Published online by Cambridge University Press: 03 December 2009
After the fall of Baghdad in April 2003, the issues of the “de-Baathification” of Iraq and of compensation to the victims of the previous regime were immediately raised. Historical analogies with denazification and decommunization abounded. For observers and actors who want to learn from the past, and to avoid the mistakes of the past, the contributions to the present volume should provide useful food for thought. As the Iraqi regime was hardly the last surviving dictatorship, the lessons may remain useful in the indefinite future.

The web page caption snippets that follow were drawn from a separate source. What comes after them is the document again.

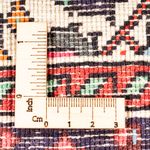 Perser Rug - Nomadic - 148 x 100 cm - red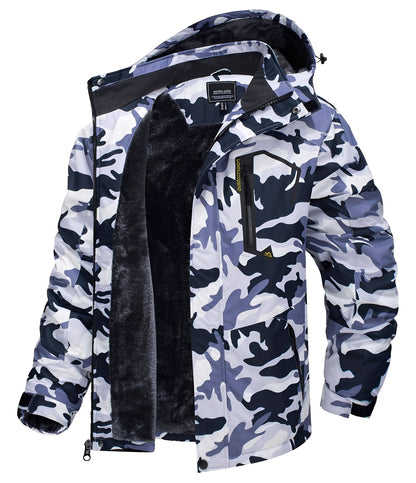 Marvyn - Moderne Herrenjacke, wasserfest
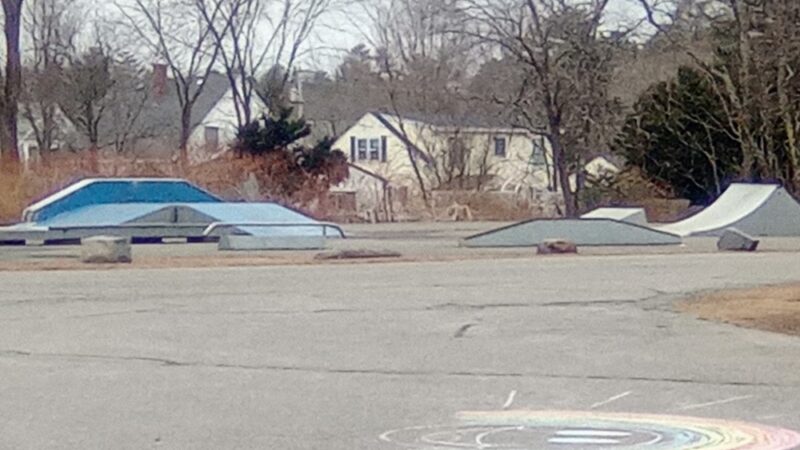 Loudon Recreational Skatepark - Loudon, NH
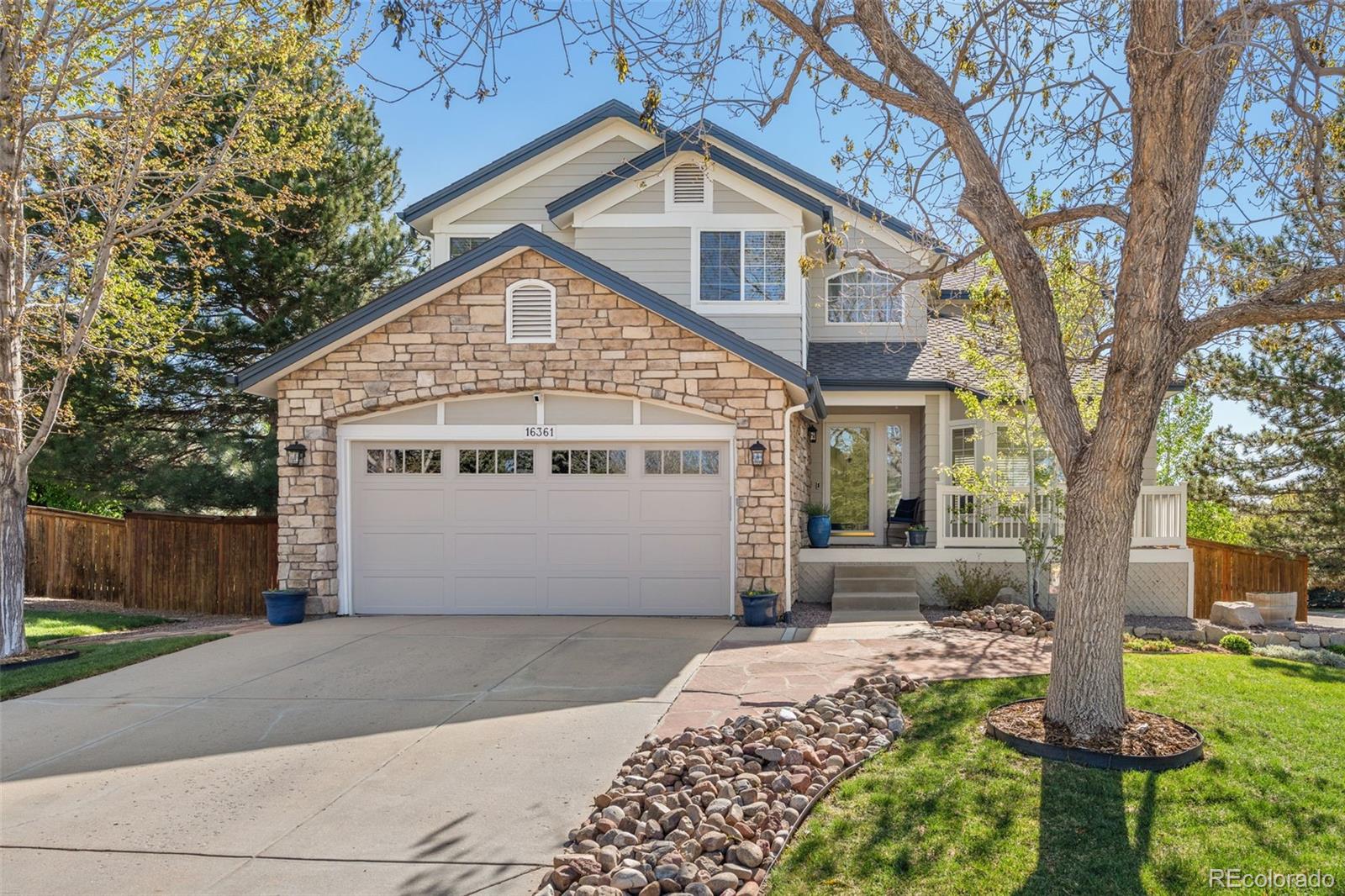 16361 Oakmoor Place Parker CO 80134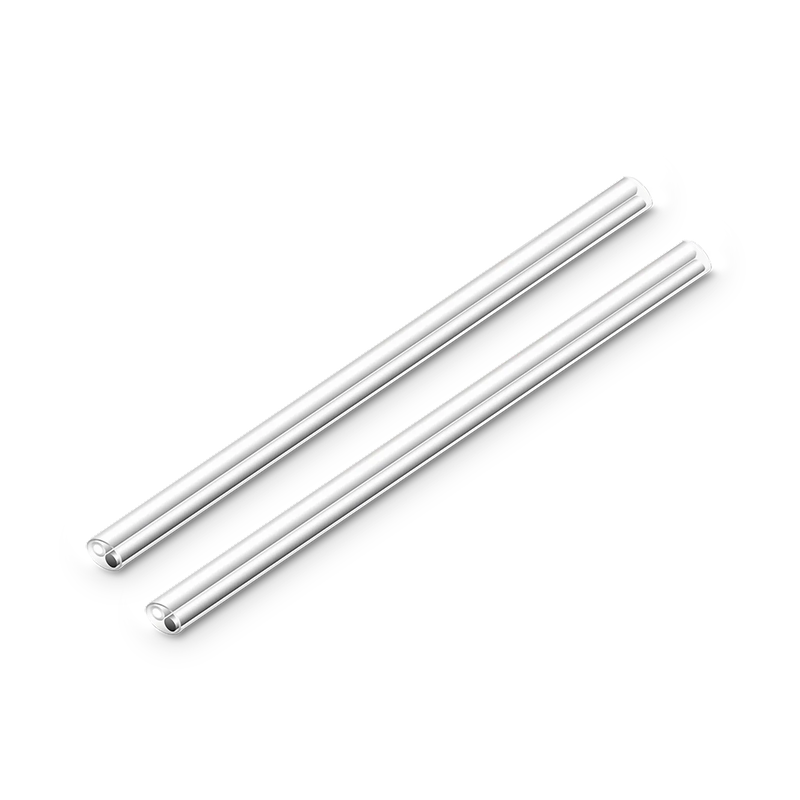 SFPS 0.8 x 40mm Fiber Optic Splice Protection Sleeve, Single Fiber, 50pcs/pkg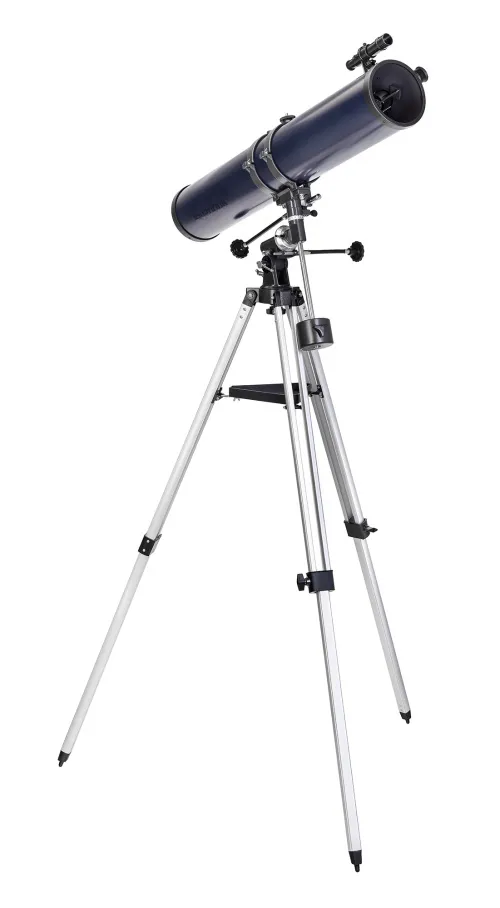 fotografia di Telescopio Levenhuk New Skyline PLUS 114/900 EQ1,  4
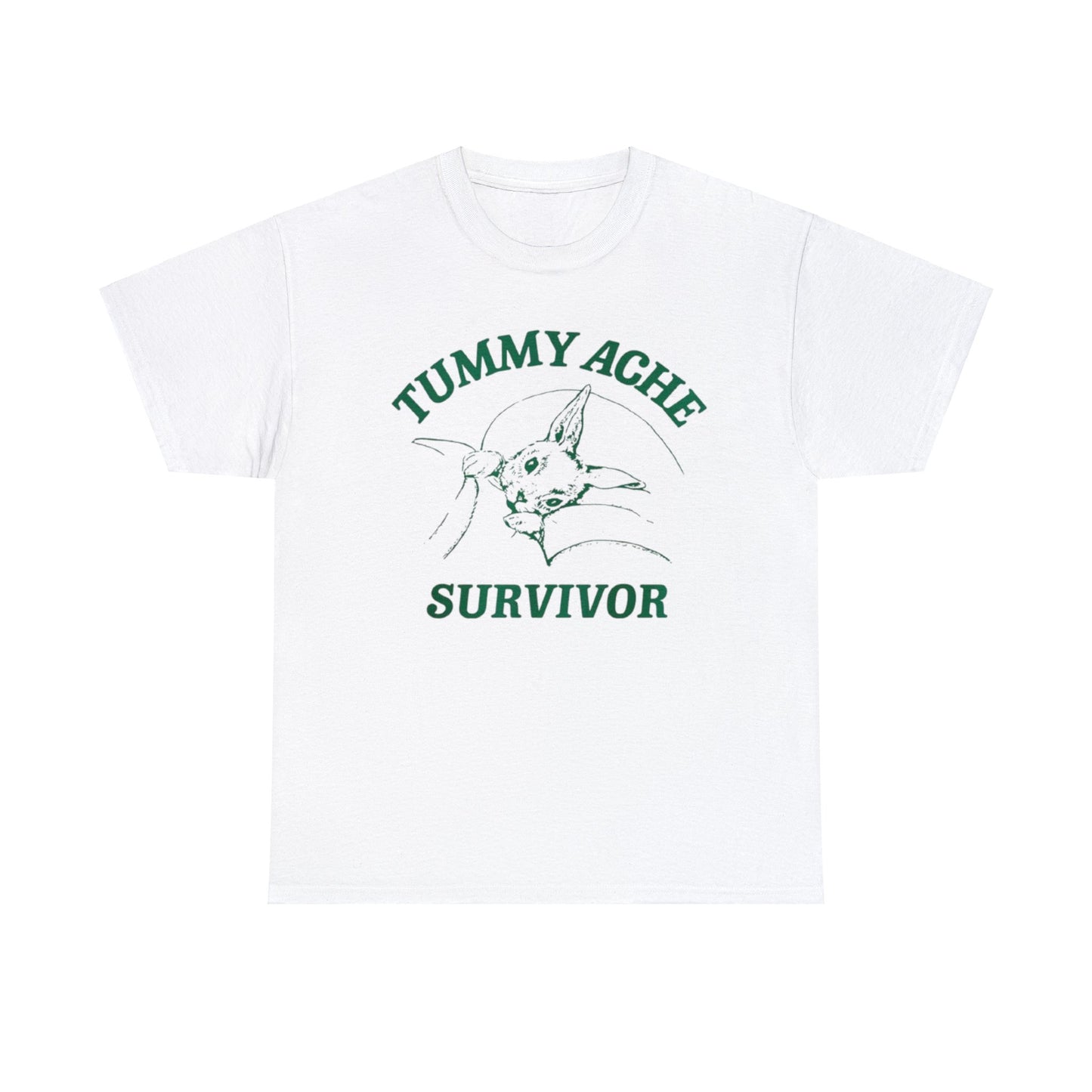 Tummy Ache Survivor Shirt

In a change of political regime, incoming leaders often want to punish or neutralize agents and leaders of the previous regime. In a transition to an authoritarian or totalitarian system, these measures are usually taken by executive fiat. The purges of the German judiciary after 1933 (Müller 1991, ch. 8) or of German schoolteachers in the Soviet occupational zone after 1945 (Welsh 1991) were not constrained by democracy or the rule of law. After transitions to democracy from an authoritarian or totalitarian regime, however, the new leaders usually want to demarcate themselves from the practices of their predecessors. Sometimes, to be sure, they will claim that their former oppressors have no grounds for complaining if they are treated by their own lawless procedures (for an example see Woller 1996, pp. 140–41). More frequently, however, the return to democracy is accompanied by the desire to see transitional justice done in an orderly manner, to prove that “We are not like them,” as Vaclav Havel said.